In the latter role, she is the supreme consciousness Maha Saraswati, the giver of wisdom. She freezes the demon from the thoughts of evil by manifesting the true identity to them and with her various forms killed Sumbha and Nisumbha and also Canda, Munda, and the other demons that rose to lives from the seeds of their own blood, “the rath beeju”. She is the Goddess Candi, the unified power of existence, consciousness, and bliss. This unified power of truth, consciousness, and bliss assumed the form of Goddess Candi, the all truth, wisdom, will, and achievement. She is without form but she takes up the form for the good of her worshippers.
The sage has expressed the blissful image as mentioned in the three charitas earlier and the glory of the Goddess in the language of magnificent poetry. The words of the courage of Goddess and the description of her war with demons all appear in a unique poetic suggestiveness.

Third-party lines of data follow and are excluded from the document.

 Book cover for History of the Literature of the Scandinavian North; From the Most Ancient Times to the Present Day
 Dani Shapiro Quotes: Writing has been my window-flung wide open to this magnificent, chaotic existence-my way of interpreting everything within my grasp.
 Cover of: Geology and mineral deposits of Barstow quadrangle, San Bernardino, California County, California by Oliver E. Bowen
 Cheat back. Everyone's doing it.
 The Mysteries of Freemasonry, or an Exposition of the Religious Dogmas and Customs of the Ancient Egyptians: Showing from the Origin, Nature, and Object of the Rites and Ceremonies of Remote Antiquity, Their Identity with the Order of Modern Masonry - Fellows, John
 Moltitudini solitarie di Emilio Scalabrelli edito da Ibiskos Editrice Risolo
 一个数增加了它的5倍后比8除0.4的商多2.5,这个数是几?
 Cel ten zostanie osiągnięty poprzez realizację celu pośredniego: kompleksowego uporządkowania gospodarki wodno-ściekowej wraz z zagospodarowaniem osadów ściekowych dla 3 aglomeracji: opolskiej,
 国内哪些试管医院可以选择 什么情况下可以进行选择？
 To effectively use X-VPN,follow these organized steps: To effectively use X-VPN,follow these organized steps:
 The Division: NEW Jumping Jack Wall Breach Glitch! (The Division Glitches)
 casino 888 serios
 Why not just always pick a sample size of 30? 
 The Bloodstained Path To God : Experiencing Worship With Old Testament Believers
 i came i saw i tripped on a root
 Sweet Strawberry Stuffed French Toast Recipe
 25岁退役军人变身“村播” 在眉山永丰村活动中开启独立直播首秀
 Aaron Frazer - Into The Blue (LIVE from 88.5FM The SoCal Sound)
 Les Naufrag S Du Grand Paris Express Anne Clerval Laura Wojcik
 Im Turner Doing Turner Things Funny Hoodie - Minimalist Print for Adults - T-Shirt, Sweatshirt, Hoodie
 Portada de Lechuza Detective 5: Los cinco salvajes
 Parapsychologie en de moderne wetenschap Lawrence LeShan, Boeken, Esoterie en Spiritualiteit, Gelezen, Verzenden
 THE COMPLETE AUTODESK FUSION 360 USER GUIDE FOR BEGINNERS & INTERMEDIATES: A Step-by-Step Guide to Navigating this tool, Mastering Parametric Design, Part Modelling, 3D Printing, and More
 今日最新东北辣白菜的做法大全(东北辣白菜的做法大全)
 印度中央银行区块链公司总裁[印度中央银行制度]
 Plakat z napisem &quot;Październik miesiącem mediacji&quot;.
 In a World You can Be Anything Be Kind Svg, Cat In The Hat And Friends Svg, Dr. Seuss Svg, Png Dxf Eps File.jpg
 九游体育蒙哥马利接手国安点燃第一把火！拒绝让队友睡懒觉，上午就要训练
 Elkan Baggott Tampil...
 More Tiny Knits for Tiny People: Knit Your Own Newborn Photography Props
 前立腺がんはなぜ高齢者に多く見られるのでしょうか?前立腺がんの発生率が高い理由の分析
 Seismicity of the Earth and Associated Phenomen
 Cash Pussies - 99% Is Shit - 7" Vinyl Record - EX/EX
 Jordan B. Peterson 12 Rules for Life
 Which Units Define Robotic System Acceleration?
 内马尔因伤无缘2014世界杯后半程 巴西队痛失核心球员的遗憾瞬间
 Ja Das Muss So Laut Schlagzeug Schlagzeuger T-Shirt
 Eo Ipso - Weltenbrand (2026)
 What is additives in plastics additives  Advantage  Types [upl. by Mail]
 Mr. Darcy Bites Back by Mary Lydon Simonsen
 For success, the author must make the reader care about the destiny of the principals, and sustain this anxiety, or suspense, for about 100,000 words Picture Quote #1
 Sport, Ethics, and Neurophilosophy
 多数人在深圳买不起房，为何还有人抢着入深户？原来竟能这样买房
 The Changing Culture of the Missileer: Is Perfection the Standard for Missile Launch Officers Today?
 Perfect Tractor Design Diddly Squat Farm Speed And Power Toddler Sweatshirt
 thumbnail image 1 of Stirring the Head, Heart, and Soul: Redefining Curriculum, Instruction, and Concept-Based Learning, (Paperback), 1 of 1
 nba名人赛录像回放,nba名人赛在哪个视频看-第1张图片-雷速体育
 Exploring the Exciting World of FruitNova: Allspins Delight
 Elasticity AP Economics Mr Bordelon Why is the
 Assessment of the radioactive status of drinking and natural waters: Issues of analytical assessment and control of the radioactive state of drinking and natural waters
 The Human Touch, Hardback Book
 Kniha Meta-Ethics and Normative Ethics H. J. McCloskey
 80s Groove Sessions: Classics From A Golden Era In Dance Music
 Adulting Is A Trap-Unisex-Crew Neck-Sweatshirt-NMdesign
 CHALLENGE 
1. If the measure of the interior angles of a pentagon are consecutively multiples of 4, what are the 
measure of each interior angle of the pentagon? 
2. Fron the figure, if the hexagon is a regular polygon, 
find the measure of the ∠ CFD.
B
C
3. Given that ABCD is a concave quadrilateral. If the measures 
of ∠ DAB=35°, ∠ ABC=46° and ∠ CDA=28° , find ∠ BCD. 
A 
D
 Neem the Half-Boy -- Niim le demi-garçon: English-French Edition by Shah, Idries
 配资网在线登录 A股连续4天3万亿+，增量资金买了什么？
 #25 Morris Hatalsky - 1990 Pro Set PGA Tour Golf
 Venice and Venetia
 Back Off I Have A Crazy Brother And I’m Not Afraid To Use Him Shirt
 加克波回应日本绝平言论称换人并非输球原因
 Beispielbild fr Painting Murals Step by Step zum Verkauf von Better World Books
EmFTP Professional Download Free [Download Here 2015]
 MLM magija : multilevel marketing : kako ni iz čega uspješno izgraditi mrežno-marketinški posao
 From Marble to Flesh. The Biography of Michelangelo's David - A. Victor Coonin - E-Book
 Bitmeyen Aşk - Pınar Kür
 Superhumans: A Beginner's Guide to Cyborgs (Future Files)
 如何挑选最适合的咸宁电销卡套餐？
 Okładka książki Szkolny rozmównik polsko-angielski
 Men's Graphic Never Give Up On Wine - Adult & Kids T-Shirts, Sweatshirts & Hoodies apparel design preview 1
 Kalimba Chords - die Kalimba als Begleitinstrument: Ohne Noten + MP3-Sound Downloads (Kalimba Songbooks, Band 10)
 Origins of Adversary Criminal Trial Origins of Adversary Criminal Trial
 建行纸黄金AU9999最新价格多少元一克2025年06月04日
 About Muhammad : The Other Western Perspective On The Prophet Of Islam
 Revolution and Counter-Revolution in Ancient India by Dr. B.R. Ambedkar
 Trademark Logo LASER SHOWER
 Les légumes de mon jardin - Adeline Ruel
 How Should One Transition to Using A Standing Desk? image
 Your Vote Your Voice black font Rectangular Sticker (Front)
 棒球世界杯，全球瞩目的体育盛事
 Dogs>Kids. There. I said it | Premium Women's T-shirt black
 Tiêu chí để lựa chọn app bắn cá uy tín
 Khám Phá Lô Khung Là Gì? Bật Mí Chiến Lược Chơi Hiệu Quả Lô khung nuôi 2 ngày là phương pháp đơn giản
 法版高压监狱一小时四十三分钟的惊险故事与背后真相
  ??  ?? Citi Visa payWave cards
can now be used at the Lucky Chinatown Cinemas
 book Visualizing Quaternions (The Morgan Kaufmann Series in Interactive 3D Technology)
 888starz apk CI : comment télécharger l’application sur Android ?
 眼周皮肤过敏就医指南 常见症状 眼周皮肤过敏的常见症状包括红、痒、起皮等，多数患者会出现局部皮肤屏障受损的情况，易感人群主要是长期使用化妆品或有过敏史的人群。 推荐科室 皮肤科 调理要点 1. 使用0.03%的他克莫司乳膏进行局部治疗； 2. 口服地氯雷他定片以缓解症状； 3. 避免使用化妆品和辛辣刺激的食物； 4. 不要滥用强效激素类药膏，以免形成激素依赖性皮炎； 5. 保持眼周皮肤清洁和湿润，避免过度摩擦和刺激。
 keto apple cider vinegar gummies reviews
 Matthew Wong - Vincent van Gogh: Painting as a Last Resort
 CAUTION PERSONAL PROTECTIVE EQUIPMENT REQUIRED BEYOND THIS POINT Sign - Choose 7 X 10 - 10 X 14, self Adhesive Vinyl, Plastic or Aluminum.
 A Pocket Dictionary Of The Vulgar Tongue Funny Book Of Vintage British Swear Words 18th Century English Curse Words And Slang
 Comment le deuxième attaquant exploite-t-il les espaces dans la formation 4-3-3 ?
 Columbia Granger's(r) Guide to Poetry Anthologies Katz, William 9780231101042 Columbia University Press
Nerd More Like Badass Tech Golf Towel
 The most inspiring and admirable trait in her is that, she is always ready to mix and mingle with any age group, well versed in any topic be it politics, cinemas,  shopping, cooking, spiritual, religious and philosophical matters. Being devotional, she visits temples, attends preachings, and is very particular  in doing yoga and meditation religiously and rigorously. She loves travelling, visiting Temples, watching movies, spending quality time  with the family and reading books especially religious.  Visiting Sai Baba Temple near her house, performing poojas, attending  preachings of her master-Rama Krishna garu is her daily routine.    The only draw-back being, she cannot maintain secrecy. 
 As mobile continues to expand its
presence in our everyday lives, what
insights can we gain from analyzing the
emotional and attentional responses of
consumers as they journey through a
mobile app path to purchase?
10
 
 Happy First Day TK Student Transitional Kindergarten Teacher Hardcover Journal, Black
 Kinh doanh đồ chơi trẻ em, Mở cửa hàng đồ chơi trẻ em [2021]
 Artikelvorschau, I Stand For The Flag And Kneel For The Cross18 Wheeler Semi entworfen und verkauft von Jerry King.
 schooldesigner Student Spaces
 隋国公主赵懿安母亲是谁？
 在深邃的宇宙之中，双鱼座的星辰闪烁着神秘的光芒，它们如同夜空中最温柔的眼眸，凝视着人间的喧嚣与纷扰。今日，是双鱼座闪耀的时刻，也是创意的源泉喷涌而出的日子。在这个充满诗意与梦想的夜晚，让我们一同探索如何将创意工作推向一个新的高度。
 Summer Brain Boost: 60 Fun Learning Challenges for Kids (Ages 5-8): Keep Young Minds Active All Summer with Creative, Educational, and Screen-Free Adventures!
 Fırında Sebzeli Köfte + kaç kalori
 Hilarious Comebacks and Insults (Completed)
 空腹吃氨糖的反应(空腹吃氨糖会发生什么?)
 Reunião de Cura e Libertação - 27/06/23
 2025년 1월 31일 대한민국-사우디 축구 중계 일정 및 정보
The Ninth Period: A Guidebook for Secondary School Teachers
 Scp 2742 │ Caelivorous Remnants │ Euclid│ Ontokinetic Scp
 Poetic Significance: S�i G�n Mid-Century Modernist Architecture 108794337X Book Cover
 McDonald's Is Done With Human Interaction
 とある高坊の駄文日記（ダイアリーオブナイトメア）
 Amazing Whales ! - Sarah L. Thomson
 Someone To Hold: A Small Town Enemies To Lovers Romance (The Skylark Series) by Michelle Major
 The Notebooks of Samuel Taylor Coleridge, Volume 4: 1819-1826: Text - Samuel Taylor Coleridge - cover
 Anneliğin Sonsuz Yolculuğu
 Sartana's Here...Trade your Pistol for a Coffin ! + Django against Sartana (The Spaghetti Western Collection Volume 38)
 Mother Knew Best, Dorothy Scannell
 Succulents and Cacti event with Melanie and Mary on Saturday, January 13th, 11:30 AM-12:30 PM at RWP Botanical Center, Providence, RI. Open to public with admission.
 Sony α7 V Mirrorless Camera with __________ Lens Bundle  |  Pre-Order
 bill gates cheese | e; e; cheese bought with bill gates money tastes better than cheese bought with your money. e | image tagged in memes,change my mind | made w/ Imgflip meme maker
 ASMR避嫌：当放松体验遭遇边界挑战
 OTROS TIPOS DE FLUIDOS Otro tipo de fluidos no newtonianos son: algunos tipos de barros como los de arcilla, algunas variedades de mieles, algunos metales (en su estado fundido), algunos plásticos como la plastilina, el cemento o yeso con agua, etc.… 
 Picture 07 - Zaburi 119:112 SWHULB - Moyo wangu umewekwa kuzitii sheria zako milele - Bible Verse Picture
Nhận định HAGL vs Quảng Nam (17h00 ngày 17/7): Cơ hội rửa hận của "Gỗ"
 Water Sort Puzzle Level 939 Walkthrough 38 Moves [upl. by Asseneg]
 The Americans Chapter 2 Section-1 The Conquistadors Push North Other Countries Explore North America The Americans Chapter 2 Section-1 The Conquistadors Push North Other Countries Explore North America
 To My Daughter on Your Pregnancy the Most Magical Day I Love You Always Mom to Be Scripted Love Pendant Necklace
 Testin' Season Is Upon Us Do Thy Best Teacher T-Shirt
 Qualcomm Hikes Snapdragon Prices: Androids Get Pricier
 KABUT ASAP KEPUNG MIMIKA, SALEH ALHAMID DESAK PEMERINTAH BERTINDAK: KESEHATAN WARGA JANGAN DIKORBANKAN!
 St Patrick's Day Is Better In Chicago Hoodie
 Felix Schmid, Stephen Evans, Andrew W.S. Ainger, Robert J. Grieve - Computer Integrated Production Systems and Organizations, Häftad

Sri Sri Candi is read in the morning after a bath, after performing daily religious service. A self-restrained person should have a seat facing either the east or the north and should read Sri Sri Candi with devotion and understanding, chanting with the correct pronunciation. The best way is to chant it correctly from the memory without looking at the book. In case of inability to do it, it would be proper to place the book on a table or a desk after worship and then it should be read attentively and meaningfully neither in too loud nor in a too low voice, neither too rapidly nor too slowly. Before reading any charita, one should meditate on the image of the deity. A bell has to be rung at the beginning and at the end of each chapter. The reading of Sri Sri Candi would be most proper if it is done on Tuesday or Saturday, the meant for the Divine Mother, or on the day off meant for the worship of the Goddess such as the 8th, 9th, and 14th of new moon day and vice versa. In case of one’s inability to read the entire Candi, daily four elegies of the Goddess from the 1st, 4th, 5th, and the 11th chapter should be read. Reading should continue until a chapter is completed. The best reader of Sri Sri Candi pronounces the words rather than reads it mentally.